Problem description
From the first line of the material through the line that holds "Black carbon fiber", repeat each line exactly and skip any picture.
*****
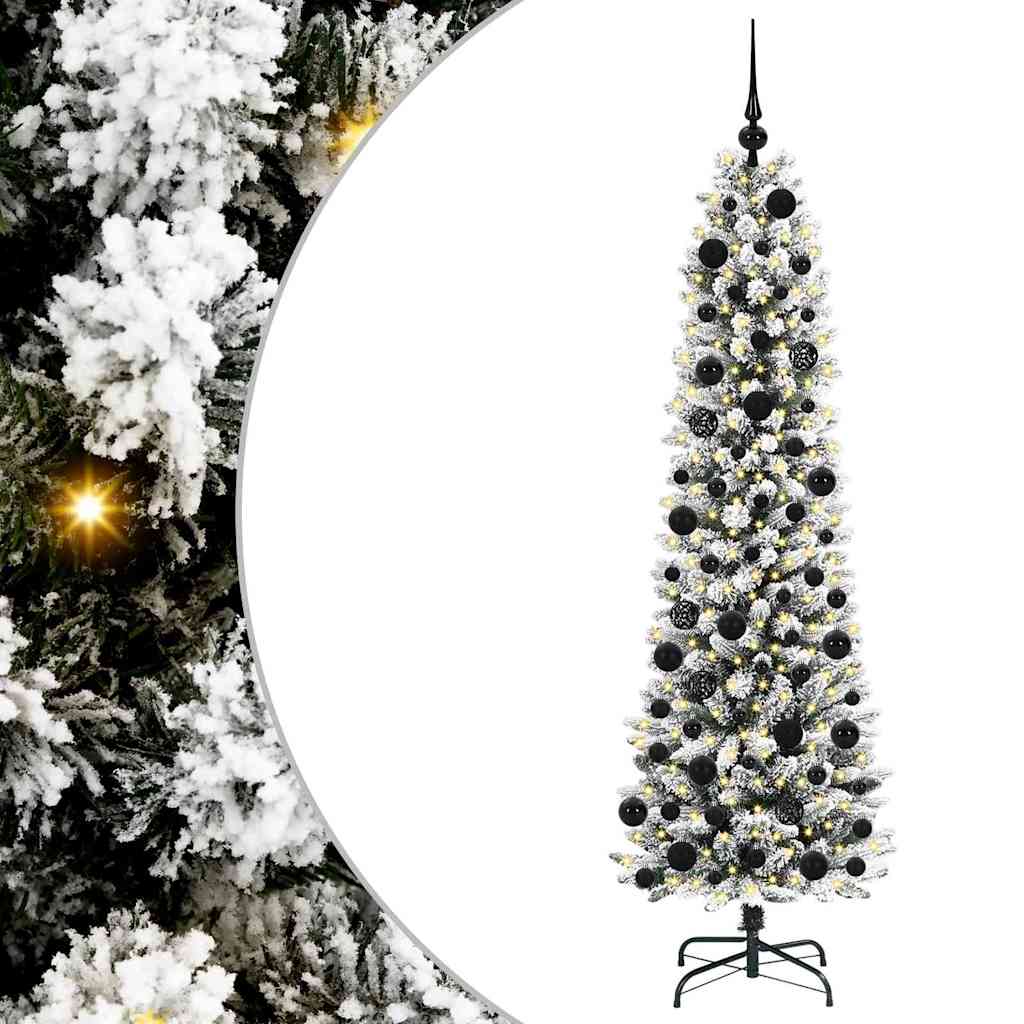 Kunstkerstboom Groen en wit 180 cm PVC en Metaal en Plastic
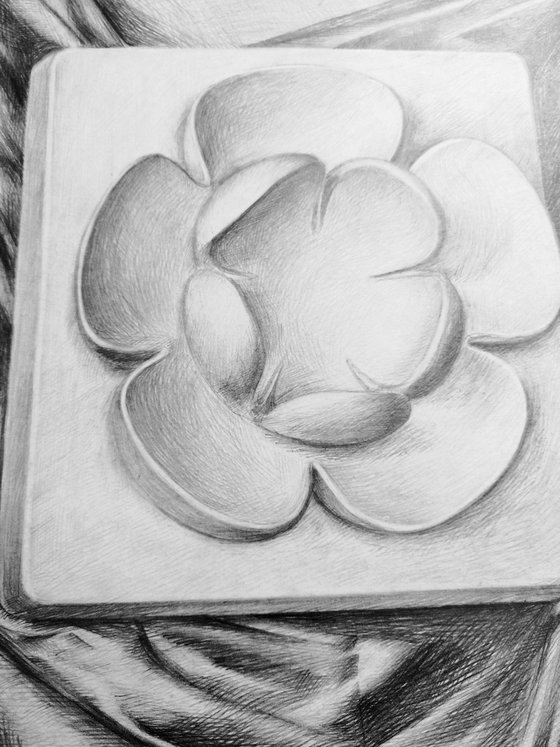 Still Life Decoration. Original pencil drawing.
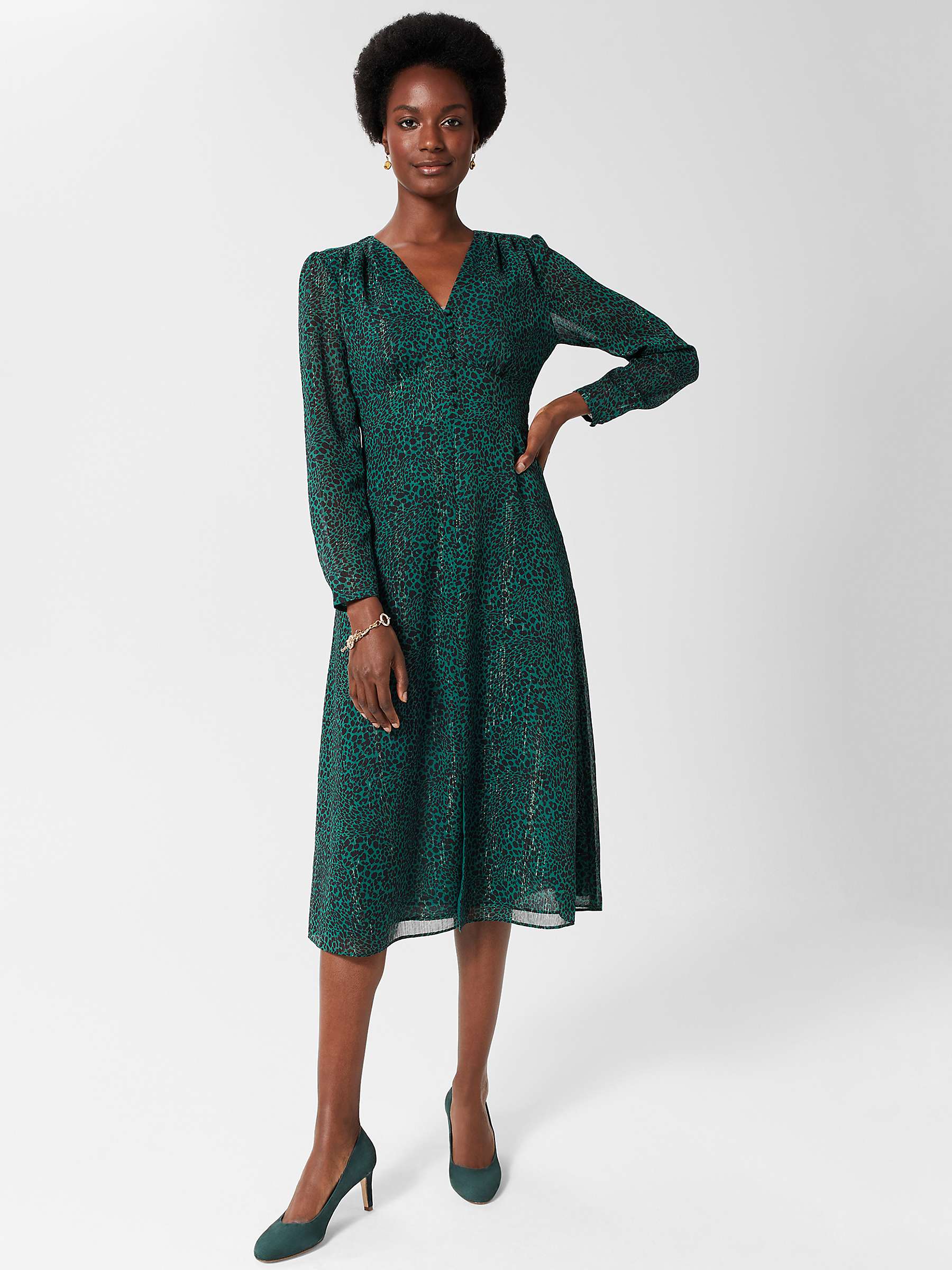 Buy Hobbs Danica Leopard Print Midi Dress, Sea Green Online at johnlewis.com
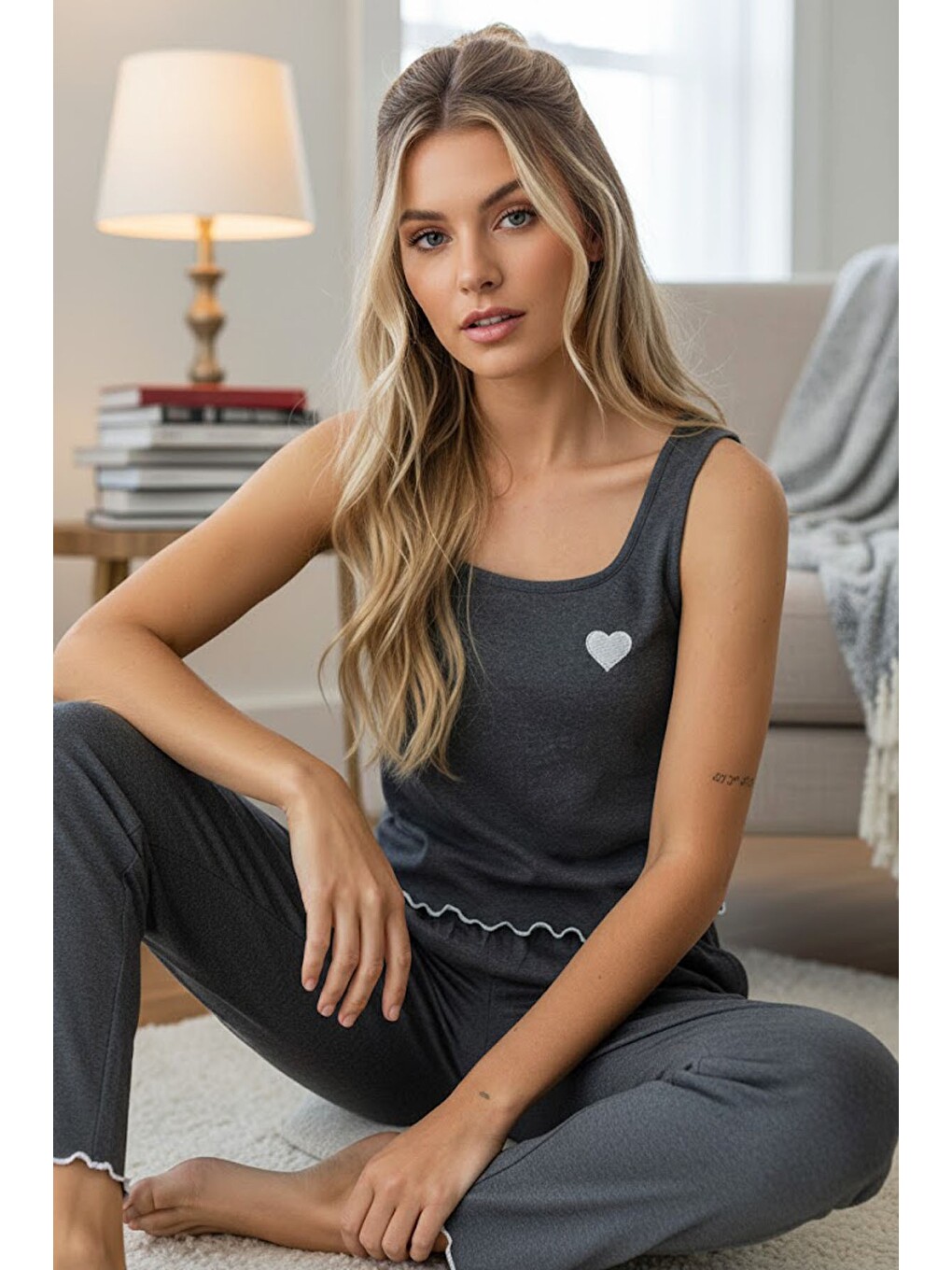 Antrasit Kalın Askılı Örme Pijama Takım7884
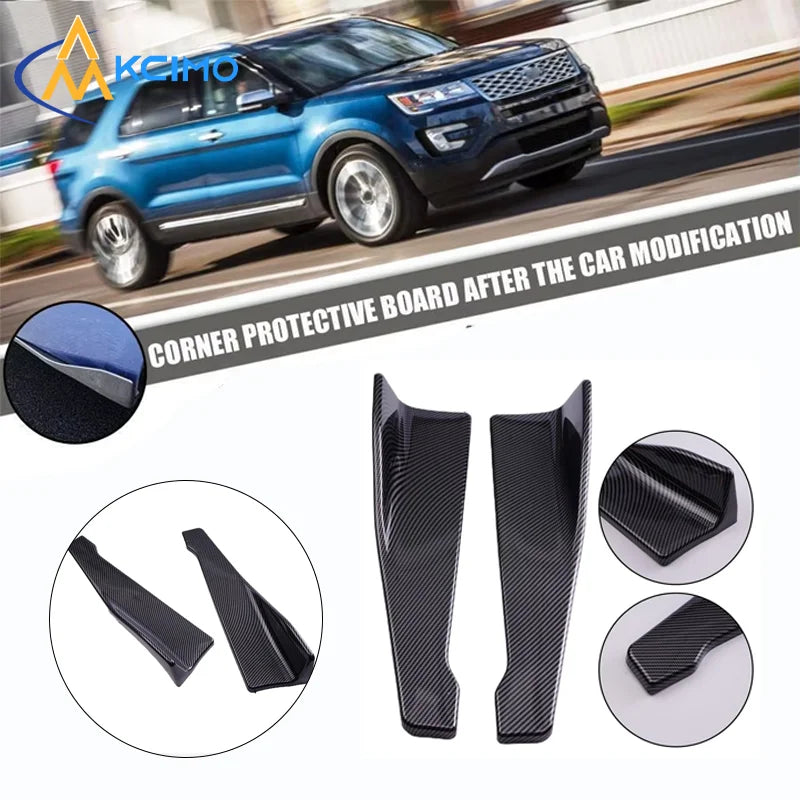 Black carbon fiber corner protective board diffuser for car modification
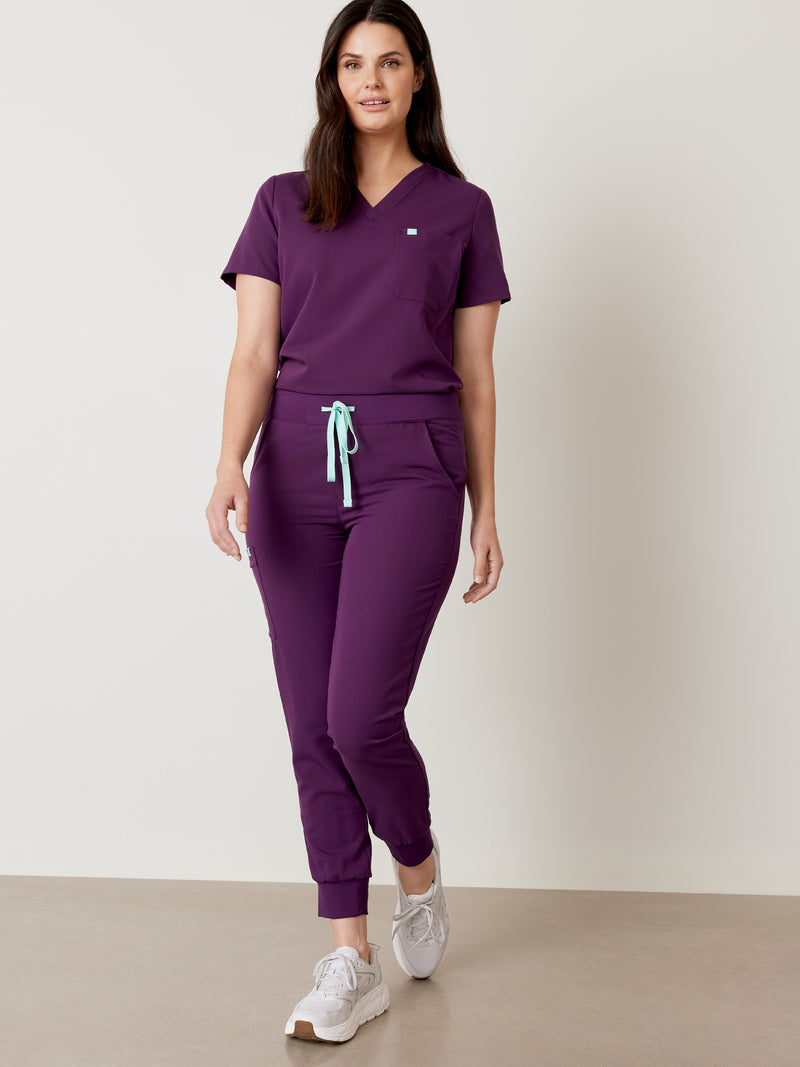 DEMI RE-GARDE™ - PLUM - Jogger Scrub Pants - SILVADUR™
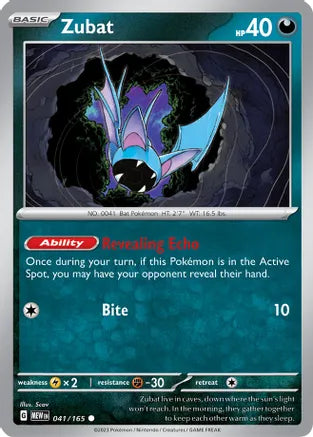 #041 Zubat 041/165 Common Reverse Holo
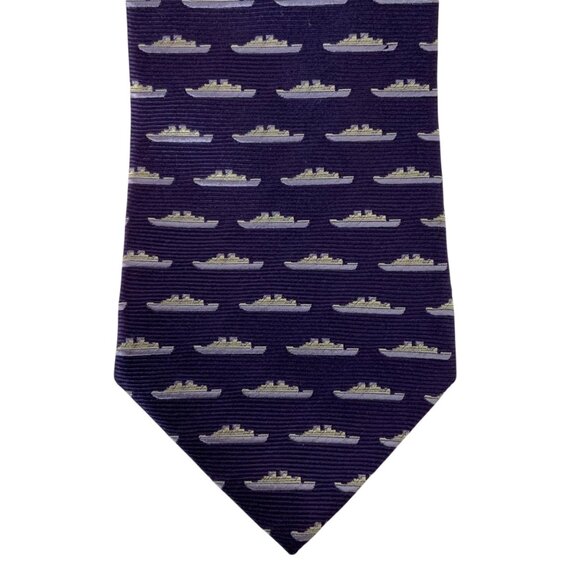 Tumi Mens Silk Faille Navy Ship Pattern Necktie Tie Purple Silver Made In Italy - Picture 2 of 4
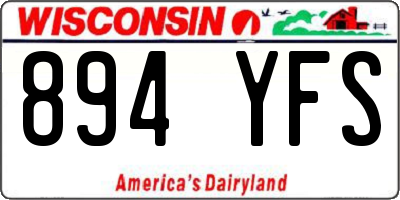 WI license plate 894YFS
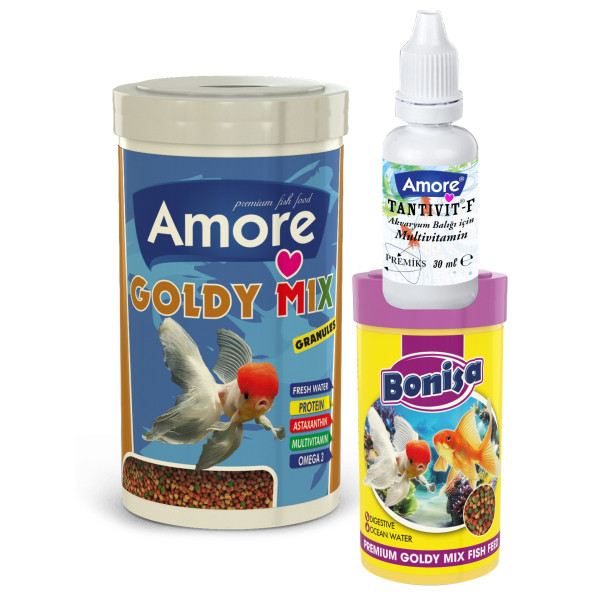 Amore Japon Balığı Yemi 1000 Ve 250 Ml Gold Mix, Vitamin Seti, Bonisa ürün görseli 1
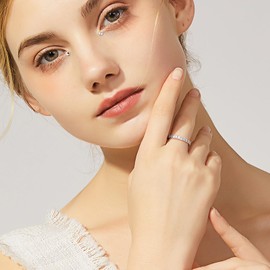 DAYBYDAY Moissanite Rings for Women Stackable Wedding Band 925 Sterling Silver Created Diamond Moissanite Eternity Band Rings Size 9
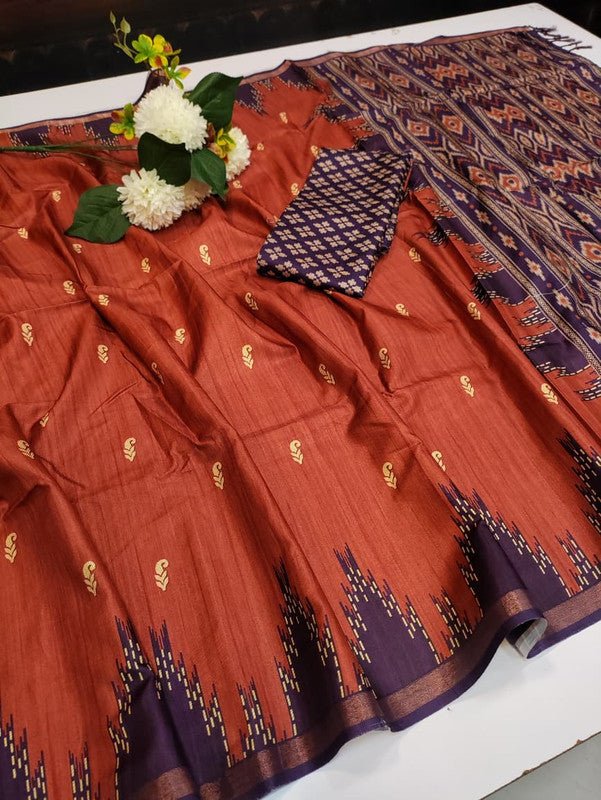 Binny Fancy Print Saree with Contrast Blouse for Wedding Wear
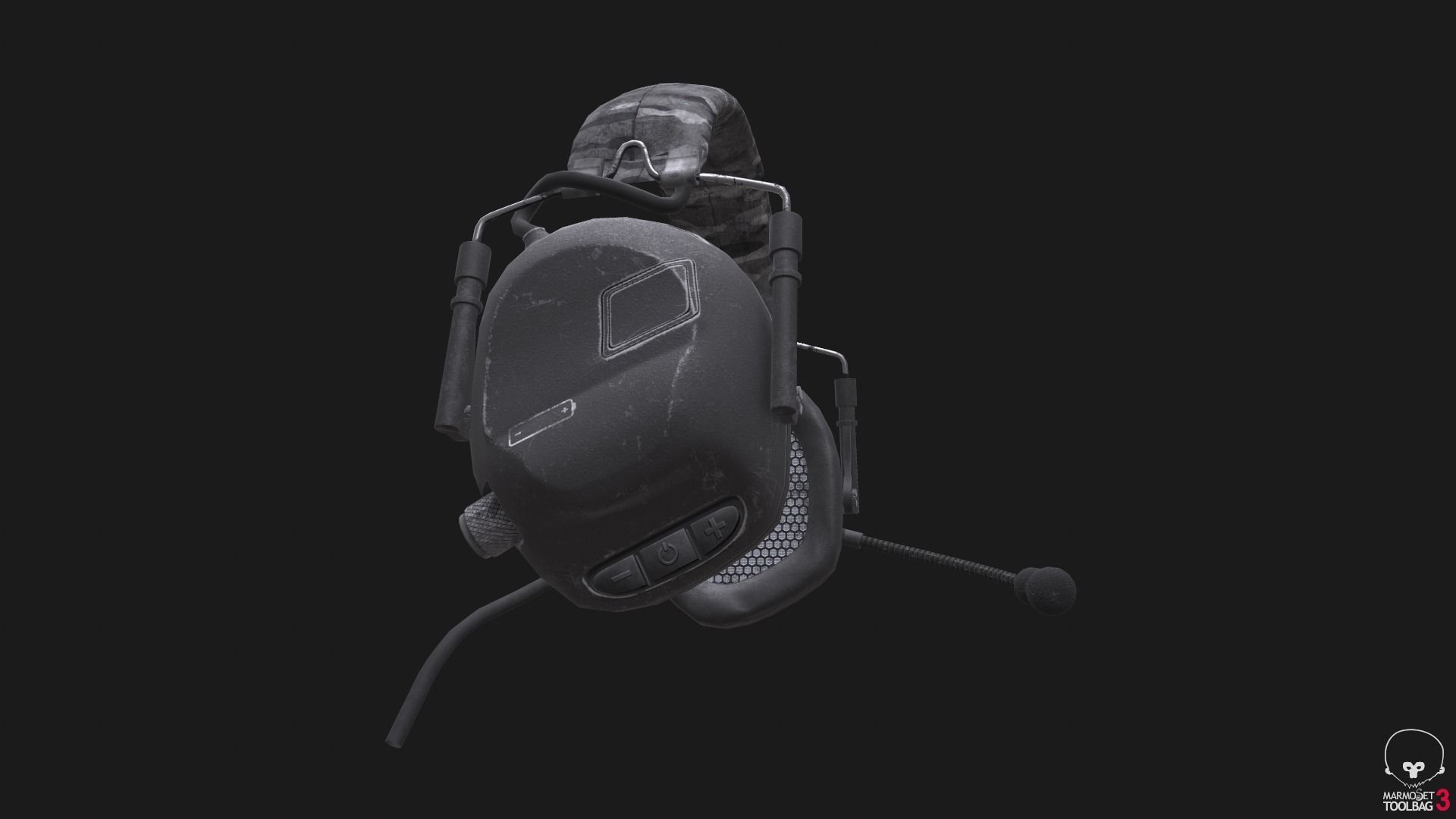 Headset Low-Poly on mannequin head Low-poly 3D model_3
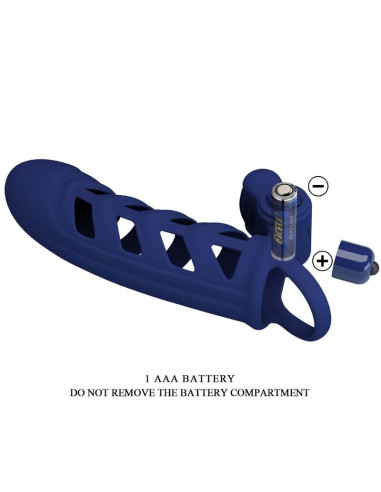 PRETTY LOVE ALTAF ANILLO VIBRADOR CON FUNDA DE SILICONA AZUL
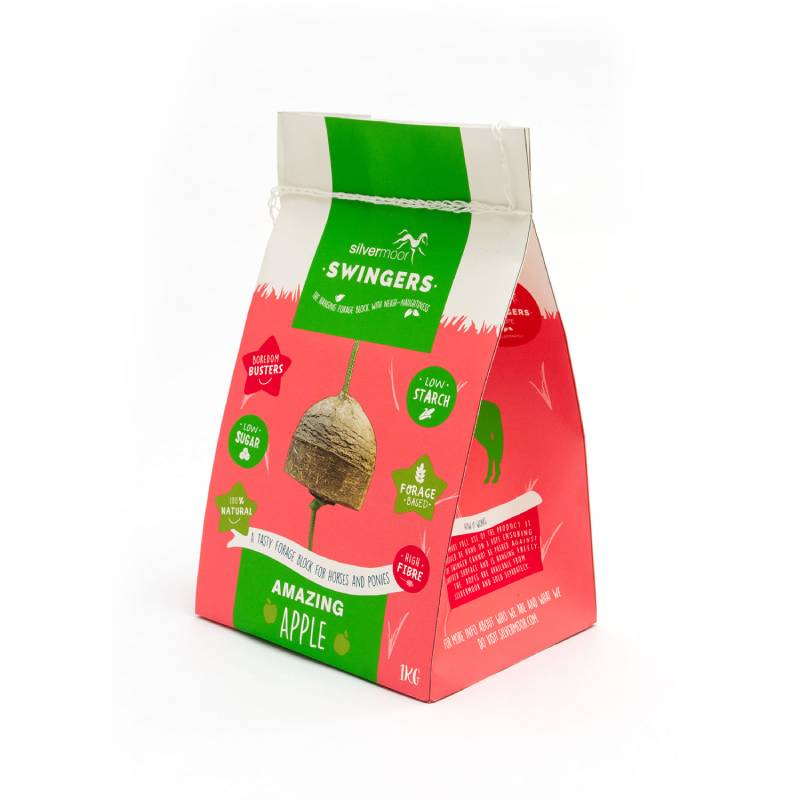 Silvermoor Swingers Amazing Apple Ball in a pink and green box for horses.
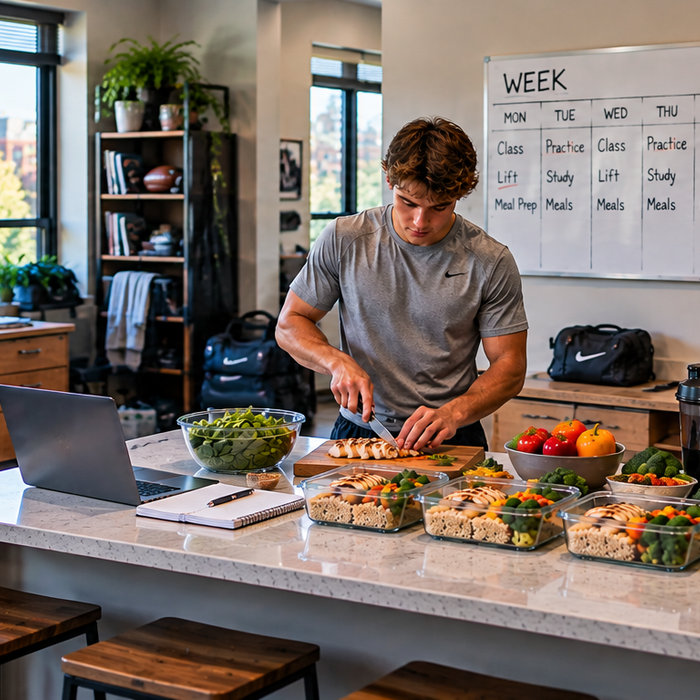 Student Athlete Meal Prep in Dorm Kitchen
*****
Answer space
 Kunstkerstboom Groen en wit 180 cm PVC en Metaal en Plastic
 Still Life Decoration. Original pencil drawing.
 Buy Hobbs Danica Leopard Print Midi Dress, Sea Green Online at johnlewis.com
 Antrasit Kalın Askılı Örme Pijama Takım7884
 Black carbon fiber corner protective board diffuser for car modification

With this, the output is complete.